#### DIRECTIONS:
Your copy should run exactly from the line containing "2025 Ford Bronco Sport SUV" to the last line of the entries below, and it should include no pictures.
[Opening RECORDS SHOWN section]
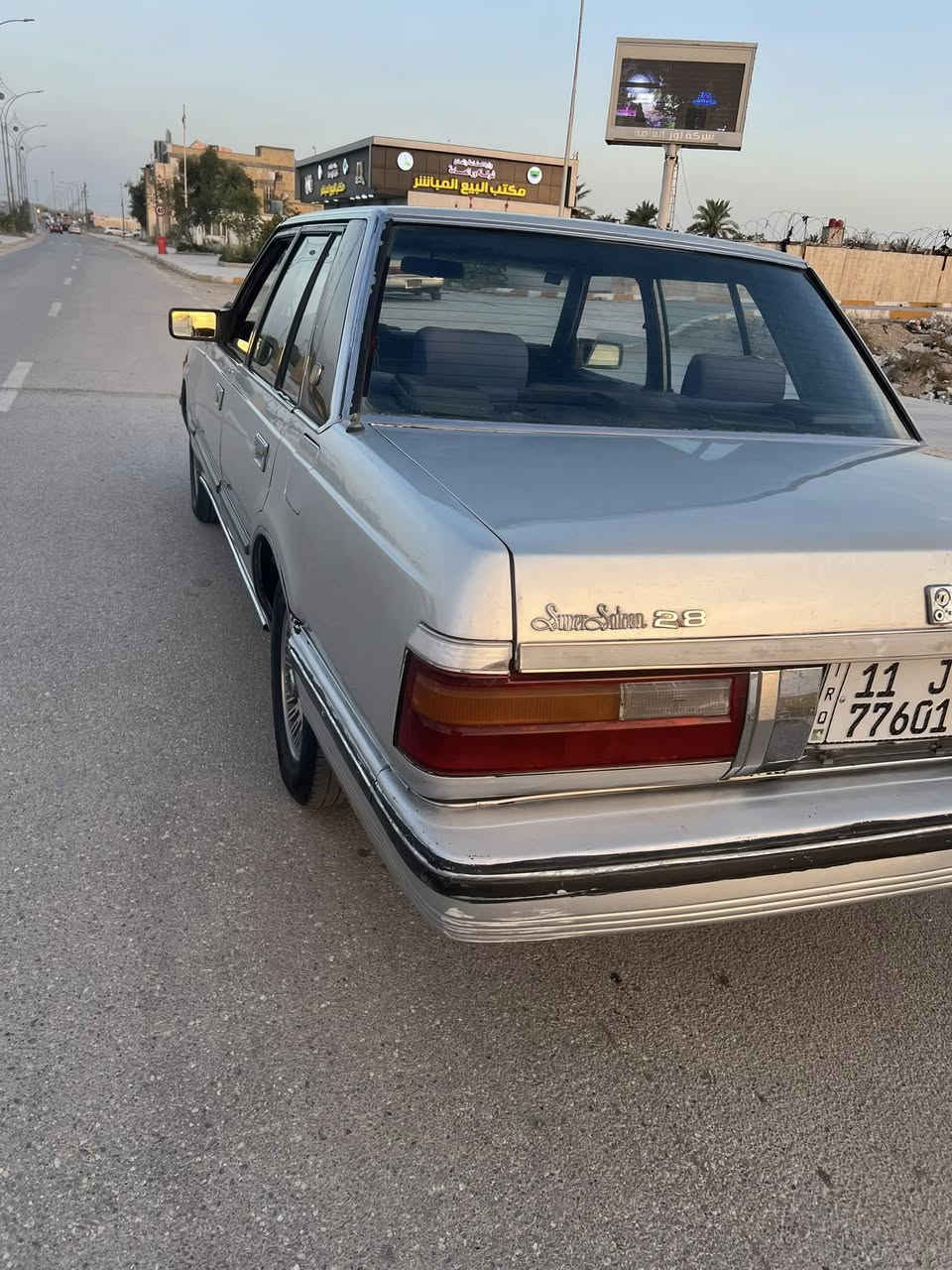 سلام عليكم سوبر للبيعً مديل 85رقم بغداد مكينه بلادي كير عادي حداديه جديده تخم تايرت جديد كرباءيات كله شغاله عوزه تبريدً بس مكان ناصريه مركزً ر***********السعر 47وبيه مجال حك جيه
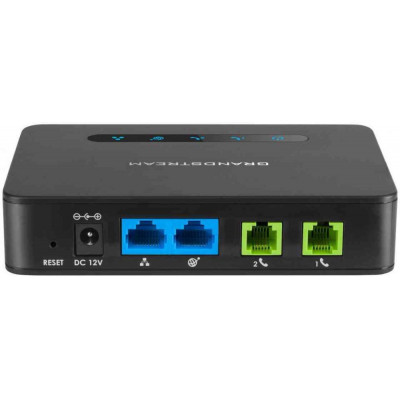 Шлюз IP Grandstream HT-812 черный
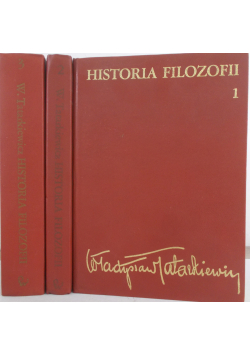 Historia filozofii Tom 1 do 3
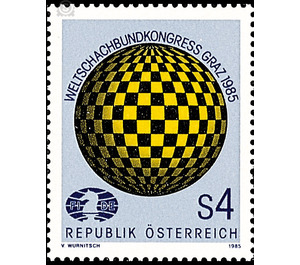 congress  - Austria / II. Republic of Austria 1985 - 4 Shilling
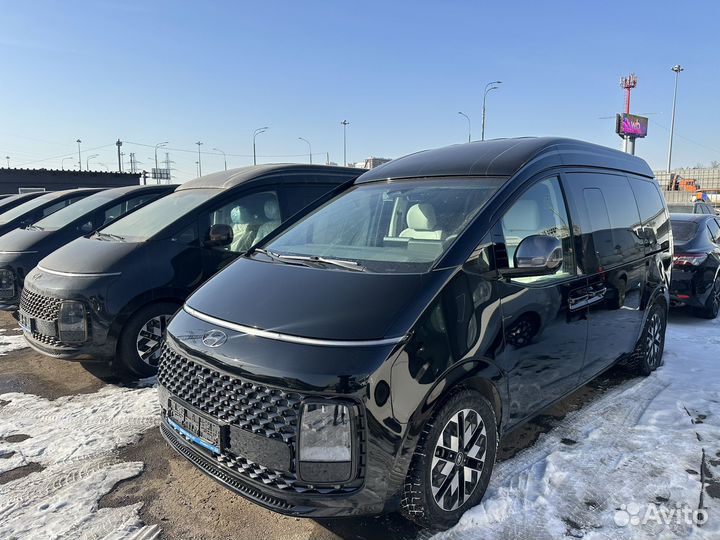 Hyundai Staria 2.2 AT, 2022, 36 077 км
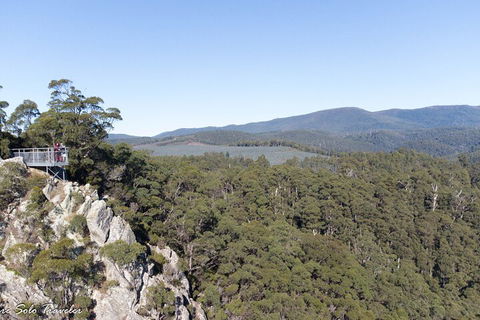 Leven Canyon Day Trip Including Wings Wildlife Park Or Gunns Plains Caves - Kalgoorlie Accommodation 2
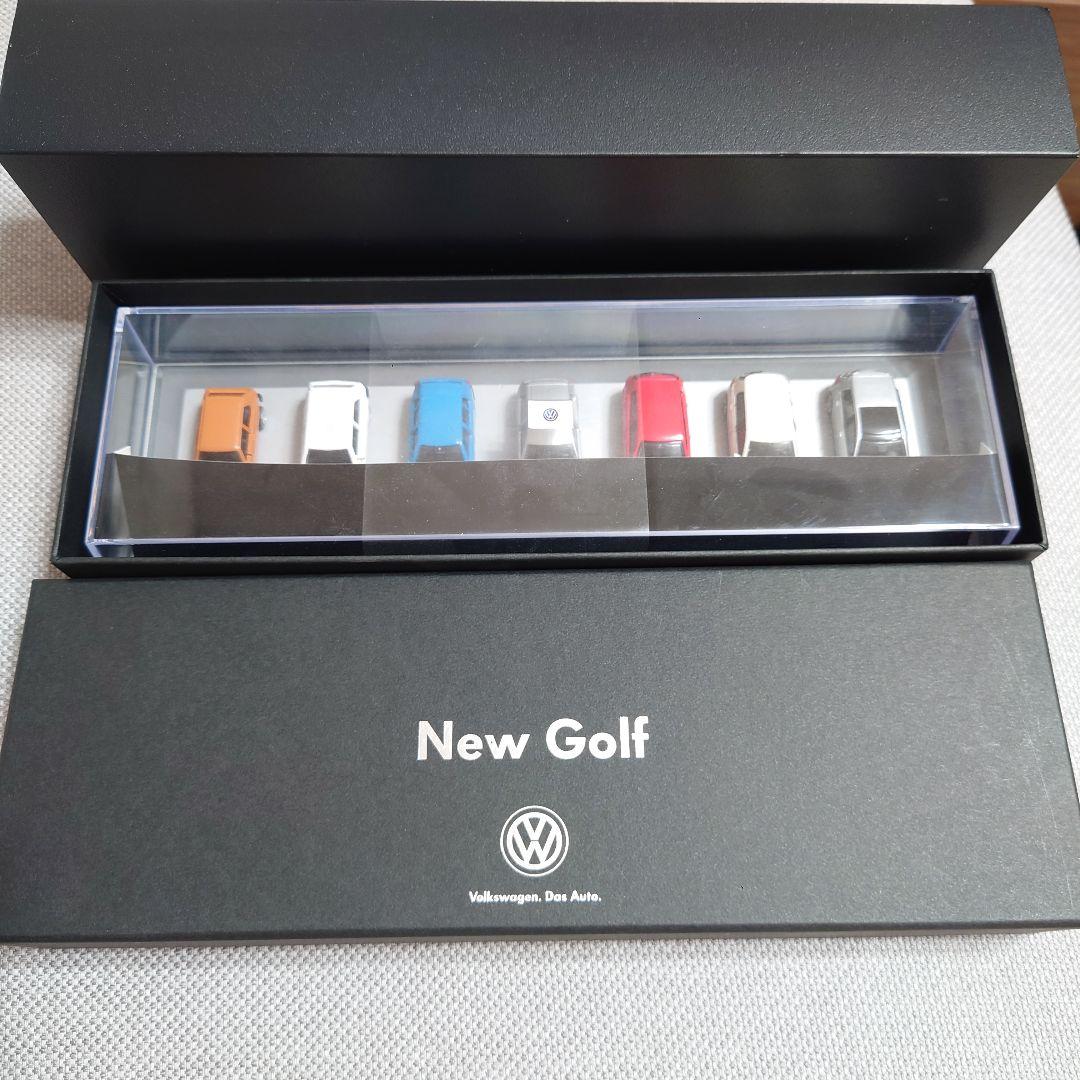 非売品 歴代 Golf ミニカーセット (限定版)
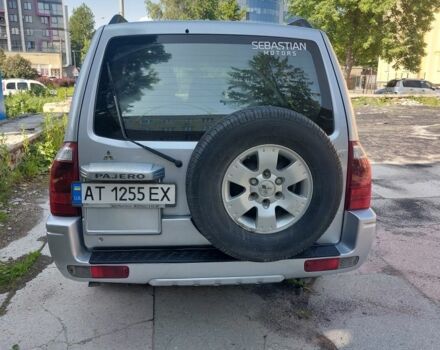 Серый Мицубиси Паджеро, объемом двигателя 3.2 л и пробегом 260 тыс. км за 7600 $, фото 2 на Automoto.ua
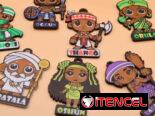 Llaveros de Santos – Diseño Exclusivo y Colorido | Accesorios | Nuevo | Garantía 5 | videojuegoshabana.com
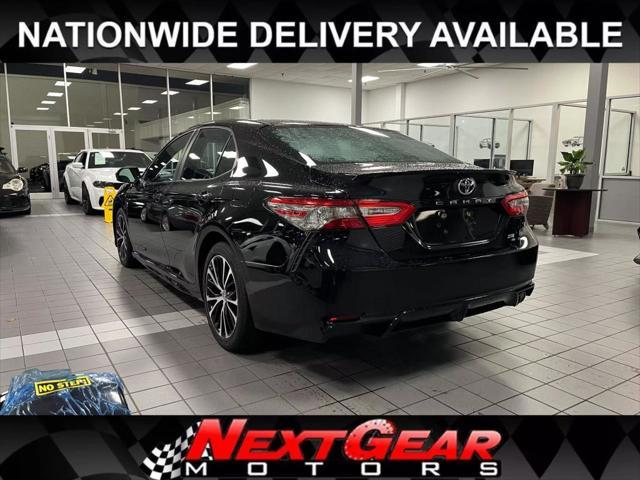 used 2018 Toyota Camry car, priced at $21,689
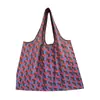 Bolsa de Compras Grande y Conveniente de Moda Casual Transfronteriza Bolso de Hombro Práctico Engrosado Venta al por Mayor
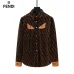 Fendi Shirts for Fendi Long-Sleeved Shirts for men #9999928496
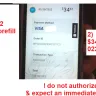 Net10 Wireless - Unauthorized charge fraudulent visa info added on expired visa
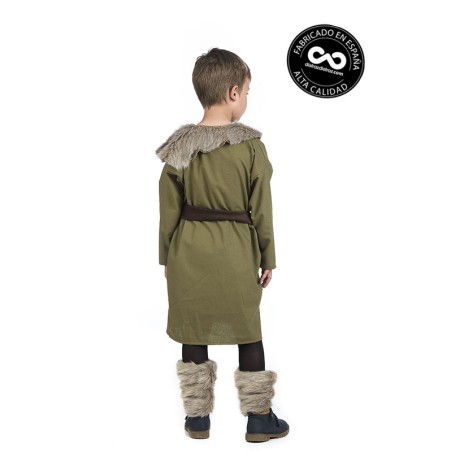 Disfraz de Medieval Arquero Verde
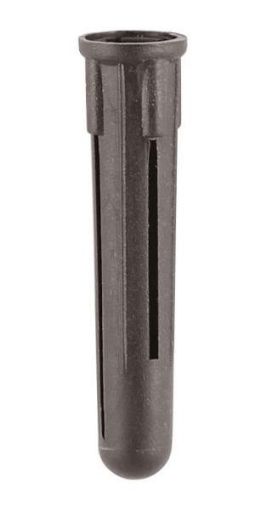 Brown Plastic Wall Plugs 100 Pack | Masonry Fixing Plugs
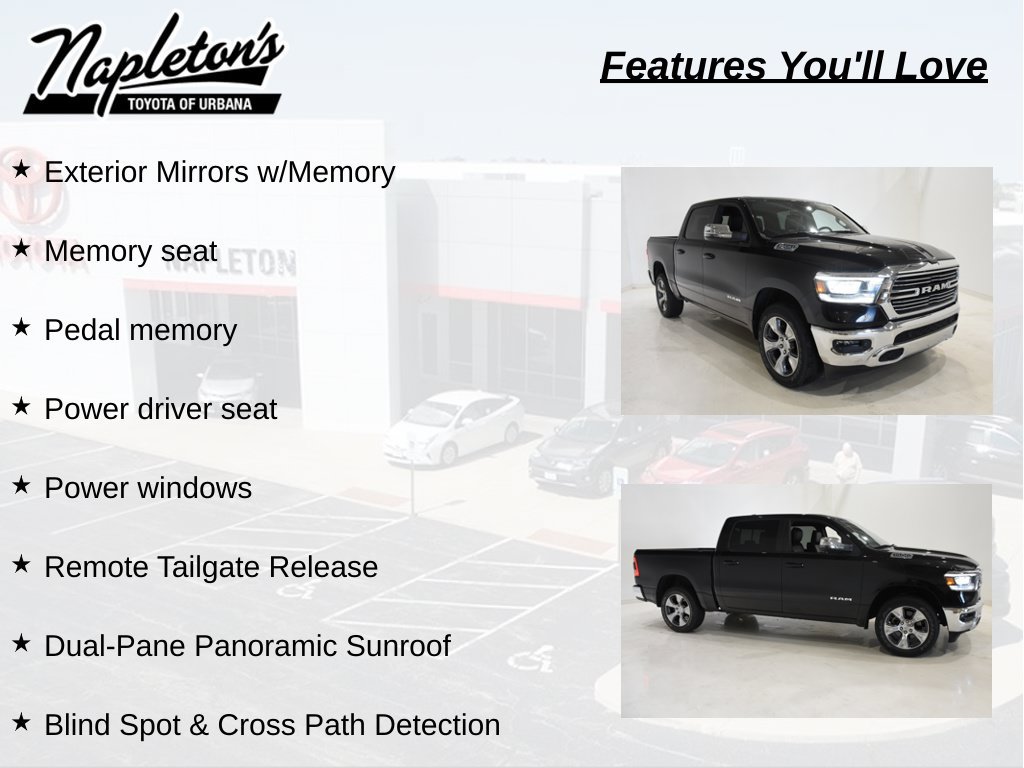 Used 2023 RAM 1500 Laramie AWD/4WD image 14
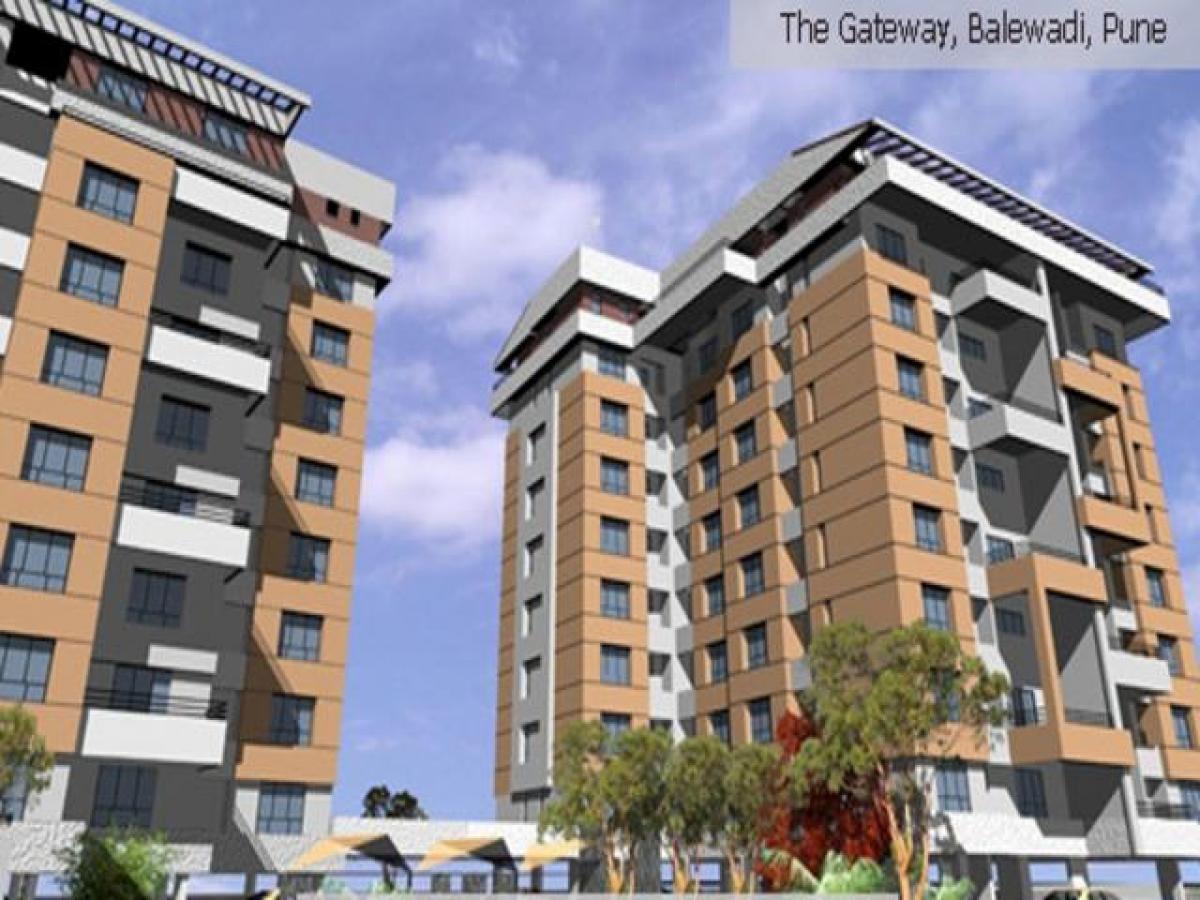 3 bedrooms House in Pune, India No. 49180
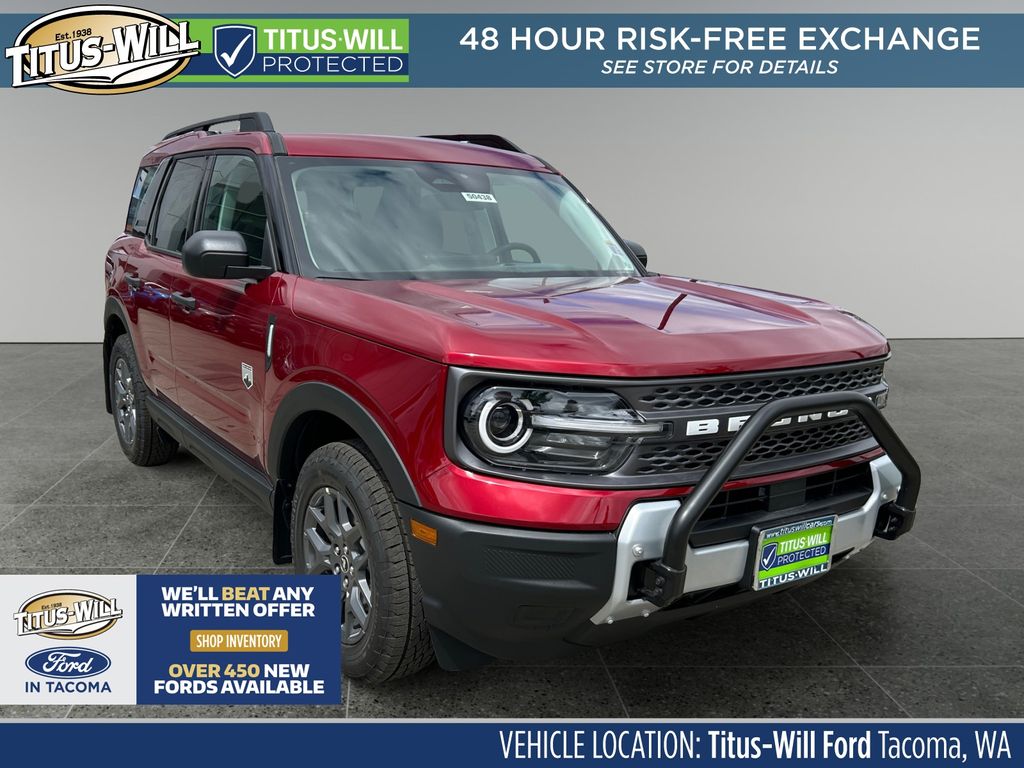 2025 Ford Bronco Sport SUV 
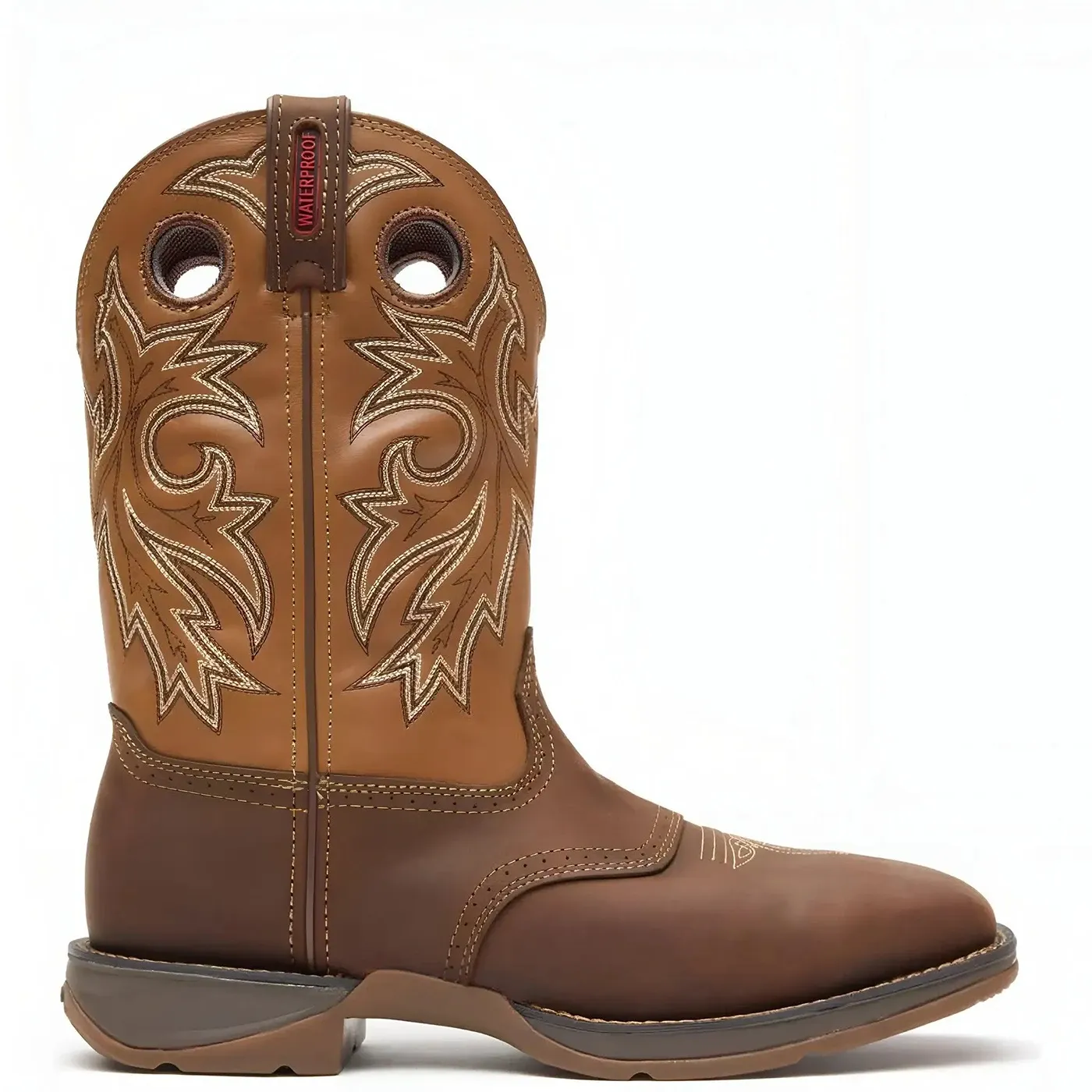 Rebel Steel Toe Waterproof Western Boot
[Closing RECORDS SHOWN section]
#### WRITTEN RESPONSE:
 2025 Ford Bronco Sport SUV 
 Rebel Steel Toe Waterproof Western Boot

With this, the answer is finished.